• REQUIRED ACTION:
Character for character, write out the data below.
[DATA SHOWN]
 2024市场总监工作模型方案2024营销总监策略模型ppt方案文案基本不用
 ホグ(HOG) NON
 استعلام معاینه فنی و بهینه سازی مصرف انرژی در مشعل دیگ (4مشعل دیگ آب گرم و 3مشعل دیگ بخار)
[/DATA SHOWN]
• SOLUTION TO THIS PROBLEM:
 2024市场总监工作模型方案2024营销总监策略模型ppt方案文案基本不用
 ホグ(HOG) NON
 استعلام معاینه فنی و بهینه سازی مصرف انرژی در مشعل دیگ (4مشعل دیگ آب گرم و 3مشعل دیگ بخار)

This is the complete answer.